Relatórios internacionais indicam que, apesar do avanço do debate, a adoção de padrões ambientais consistentes ainda é limitada. O Global Forests Report 2024 aponta que, entre 881 empresas avaliadas, apenas 445 relatam algum progresso em direção a cadeias livres de desmatamento, e somente 64 possuem ao menos uma cadeia efetivamente classificada como “desmatamento zero”. O Forest 500/Global Canopy 2025 reforça esse cenário ao indicar que apenas 3% das 500 companhias mais influentes possuem compromissos robustos já implementados.
Mesmo com avanços considerados lentos, o endurecimento das exigências tende a funcionar como um divisor de águas para o setor. Para José Loschi, CEO da SRX Holding’s, esse novo cenário pode beneficiar empresas e produtores que se anteciparam e investiram em práticas sustentáveis. Segundo ele, o mercado internacional passará a avaliar não apenas a qualidade do produto, mas também seu histórico ambiental.
“Essas mudanças criam um novo tipo de ‘passaporte’. Além da qualidade, o histórico ambiental será analisado. Quem não estiver preparado corre o risco de ficar fora do jogo e perder espaço para quem se antecipou a essa demanda”, afirma Loschi. Na avaliação do executivo, o risco de exclusão comercial se torna real para cadeias que não consigam comprovar conformidade ambiental.

Os impactos tendem a ser mais sensíveis em cadeias como soja, carne e milho, que concentram grande parte das exportações brasileiras. Estimativas indicam que o Brasil movimentou mais de US$ 160 bilhões em exportações do agronegócio no último ano, parcela significativa destinada justamente a mercados que ampliam suas exigências ambientais e sociais.
Para Loschi, a adaptação deve ser encarada como uma oportunidade estratégica. “O produtor que comprova sua conformidade ganha vantagem competitiva e a confiança do comprador. Muitos países estão dispostos a pagar mais por produtos sustentáveis”, destaca. Nesse contexto, a sustentabilidade passa a ser também um fator econômico e comercial.

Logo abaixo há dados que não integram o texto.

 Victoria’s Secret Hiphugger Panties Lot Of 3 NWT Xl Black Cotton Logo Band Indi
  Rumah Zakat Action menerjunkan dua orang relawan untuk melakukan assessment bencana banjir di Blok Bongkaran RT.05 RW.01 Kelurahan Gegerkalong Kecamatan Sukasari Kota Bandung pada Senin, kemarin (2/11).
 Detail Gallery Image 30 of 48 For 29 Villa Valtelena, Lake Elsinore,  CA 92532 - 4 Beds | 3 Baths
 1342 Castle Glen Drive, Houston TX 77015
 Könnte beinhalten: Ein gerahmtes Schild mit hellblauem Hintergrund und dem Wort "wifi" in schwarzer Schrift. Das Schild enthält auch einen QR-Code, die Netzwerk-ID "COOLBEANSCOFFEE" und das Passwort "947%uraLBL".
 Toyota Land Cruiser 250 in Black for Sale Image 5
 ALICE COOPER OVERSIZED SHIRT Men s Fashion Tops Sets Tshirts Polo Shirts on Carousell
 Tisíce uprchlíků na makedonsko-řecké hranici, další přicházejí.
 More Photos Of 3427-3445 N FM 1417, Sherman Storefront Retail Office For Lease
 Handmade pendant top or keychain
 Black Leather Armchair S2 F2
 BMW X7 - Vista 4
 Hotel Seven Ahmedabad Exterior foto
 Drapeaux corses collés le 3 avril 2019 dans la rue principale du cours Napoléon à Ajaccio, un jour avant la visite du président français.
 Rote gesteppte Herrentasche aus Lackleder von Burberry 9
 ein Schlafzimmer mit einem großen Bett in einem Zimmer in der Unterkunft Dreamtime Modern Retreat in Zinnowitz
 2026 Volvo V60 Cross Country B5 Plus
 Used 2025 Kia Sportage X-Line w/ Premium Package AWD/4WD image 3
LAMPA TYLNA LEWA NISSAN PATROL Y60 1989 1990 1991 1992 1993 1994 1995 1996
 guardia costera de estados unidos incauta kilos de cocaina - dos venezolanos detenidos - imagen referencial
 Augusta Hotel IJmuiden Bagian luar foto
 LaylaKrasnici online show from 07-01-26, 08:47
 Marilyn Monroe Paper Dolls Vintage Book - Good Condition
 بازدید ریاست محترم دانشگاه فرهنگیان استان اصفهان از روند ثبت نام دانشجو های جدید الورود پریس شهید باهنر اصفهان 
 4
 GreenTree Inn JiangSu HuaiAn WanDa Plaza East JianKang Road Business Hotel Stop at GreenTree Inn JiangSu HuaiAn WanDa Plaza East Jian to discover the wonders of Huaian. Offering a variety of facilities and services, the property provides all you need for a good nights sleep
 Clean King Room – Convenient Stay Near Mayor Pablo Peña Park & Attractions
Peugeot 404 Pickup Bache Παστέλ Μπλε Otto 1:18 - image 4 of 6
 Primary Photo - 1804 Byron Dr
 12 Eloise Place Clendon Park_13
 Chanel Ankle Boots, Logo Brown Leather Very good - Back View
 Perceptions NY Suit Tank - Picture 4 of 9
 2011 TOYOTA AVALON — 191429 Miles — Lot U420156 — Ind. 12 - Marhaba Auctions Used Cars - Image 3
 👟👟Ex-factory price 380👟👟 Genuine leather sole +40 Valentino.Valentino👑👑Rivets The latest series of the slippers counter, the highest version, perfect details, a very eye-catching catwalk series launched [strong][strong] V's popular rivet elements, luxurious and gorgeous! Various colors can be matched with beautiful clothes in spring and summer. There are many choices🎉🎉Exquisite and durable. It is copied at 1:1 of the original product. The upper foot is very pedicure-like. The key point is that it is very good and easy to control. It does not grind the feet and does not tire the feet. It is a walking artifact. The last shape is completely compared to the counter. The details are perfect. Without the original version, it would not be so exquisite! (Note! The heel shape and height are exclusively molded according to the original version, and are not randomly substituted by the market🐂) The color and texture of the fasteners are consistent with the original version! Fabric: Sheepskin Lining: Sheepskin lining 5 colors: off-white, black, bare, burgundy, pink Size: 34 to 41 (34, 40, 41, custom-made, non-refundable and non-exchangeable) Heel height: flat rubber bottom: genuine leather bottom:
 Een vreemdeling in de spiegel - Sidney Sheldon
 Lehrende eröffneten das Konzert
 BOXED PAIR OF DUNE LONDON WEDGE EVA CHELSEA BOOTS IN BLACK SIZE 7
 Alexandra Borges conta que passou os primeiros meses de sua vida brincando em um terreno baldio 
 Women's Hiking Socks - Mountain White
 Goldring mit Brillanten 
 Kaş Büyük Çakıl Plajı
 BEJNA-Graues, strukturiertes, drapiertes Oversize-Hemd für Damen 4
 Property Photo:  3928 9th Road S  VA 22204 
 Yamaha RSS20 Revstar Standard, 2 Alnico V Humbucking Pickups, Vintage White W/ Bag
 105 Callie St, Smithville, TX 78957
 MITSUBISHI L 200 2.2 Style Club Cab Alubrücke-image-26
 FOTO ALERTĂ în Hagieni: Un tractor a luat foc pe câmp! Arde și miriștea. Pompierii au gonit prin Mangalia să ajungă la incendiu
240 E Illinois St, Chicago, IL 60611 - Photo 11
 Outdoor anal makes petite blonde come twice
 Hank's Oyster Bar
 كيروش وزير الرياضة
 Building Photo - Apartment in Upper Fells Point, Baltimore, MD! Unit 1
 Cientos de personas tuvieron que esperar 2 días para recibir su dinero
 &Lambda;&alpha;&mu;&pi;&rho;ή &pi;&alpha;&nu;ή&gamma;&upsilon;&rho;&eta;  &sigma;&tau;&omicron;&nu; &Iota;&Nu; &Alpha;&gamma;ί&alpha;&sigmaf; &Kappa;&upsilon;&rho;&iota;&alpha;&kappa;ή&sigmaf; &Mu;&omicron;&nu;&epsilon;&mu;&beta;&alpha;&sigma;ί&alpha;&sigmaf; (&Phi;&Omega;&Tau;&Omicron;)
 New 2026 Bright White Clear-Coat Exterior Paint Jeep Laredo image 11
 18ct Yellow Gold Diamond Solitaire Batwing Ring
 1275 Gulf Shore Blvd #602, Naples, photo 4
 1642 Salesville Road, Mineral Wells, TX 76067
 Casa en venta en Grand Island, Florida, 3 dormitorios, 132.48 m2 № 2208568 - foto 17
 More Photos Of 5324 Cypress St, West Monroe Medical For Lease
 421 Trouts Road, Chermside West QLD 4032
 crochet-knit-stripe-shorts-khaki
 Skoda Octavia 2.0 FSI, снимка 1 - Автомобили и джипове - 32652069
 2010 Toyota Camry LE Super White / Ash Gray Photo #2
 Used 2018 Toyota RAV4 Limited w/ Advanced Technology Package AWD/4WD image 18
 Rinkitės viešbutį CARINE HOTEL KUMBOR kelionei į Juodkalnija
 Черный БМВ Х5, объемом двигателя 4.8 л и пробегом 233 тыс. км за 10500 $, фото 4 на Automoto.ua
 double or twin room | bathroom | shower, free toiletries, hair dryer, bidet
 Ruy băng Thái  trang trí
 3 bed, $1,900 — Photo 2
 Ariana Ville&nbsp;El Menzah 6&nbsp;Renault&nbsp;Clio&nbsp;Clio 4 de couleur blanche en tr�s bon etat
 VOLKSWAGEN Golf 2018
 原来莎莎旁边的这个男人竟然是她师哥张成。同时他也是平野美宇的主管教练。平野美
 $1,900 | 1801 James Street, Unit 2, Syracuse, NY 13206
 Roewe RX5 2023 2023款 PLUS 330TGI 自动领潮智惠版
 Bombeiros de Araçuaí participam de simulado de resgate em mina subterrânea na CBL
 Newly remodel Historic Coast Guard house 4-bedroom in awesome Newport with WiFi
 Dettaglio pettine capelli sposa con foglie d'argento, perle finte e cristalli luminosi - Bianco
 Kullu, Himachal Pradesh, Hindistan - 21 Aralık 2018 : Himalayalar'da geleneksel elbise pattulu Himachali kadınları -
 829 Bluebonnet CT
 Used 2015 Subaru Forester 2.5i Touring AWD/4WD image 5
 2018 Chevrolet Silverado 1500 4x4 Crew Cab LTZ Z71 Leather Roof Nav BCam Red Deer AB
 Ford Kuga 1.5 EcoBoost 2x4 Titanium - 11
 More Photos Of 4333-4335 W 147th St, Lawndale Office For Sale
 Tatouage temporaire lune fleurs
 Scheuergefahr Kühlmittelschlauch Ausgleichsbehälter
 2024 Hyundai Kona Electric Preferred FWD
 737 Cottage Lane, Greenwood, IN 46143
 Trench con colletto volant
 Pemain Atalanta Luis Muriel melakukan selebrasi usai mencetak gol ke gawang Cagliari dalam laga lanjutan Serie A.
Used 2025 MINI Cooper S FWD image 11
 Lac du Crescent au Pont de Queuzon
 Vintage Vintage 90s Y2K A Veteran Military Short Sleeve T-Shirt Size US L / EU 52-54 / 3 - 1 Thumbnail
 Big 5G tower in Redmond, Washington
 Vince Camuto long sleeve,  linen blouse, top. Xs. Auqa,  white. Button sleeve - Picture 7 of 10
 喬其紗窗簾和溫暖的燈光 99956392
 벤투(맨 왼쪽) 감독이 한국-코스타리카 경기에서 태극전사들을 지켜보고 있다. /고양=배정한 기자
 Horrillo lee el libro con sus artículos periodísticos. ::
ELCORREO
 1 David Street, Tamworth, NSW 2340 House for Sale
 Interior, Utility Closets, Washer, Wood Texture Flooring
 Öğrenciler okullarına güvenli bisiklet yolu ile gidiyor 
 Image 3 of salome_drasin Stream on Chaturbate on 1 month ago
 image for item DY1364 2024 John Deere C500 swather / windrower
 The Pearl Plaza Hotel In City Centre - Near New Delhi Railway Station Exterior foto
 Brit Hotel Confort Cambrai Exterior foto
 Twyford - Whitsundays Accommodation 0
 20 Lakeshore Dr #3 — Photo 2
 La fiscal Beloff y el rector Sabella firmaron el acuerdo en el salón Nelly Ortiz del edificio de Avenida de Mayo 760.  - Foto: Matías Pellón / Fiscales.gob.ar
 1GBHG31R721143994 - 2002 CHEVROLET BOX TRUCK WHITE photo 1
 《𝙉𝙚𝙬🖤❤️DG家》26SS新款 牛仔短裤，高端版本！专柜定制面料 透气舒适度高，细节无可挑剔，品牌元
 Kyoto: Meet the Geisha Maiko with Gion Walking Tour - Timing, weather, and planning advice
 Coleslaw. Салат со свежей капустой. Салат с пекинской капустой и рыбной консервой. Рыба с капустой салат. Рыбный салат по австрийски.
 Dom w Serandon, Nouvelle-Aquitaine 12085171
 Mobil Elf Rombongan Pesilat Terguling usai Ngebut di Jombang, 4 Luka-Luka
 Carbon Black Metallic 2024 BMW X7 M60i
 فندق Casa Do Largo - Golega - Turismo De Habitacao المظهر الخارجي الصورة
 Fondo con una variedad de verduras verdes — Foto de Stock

Entre os principais pontos de atenção estão a rastreabilidade completa da produção, a comprovação de origem sem desmatamento e a implementação documentada de práticas ESG. Compradores internacionais têm reforçado ainda a importância de políticas sociais claras, incluindo condições de trabalho regularizadas e registros auditáveis ao longo da cadeia.
O executivo ressalta que a preparação precisa começar imediatamente, sobretudo entre pequenos e médios produtores, que enfrentam mais dificuldades de adaptação. “A organização se torna peça-chave para chegar forte em 2026. As empresas que ajudarem seus produtores a se adequar agora terão cadeias mais resilientes e competitivas”, conclui.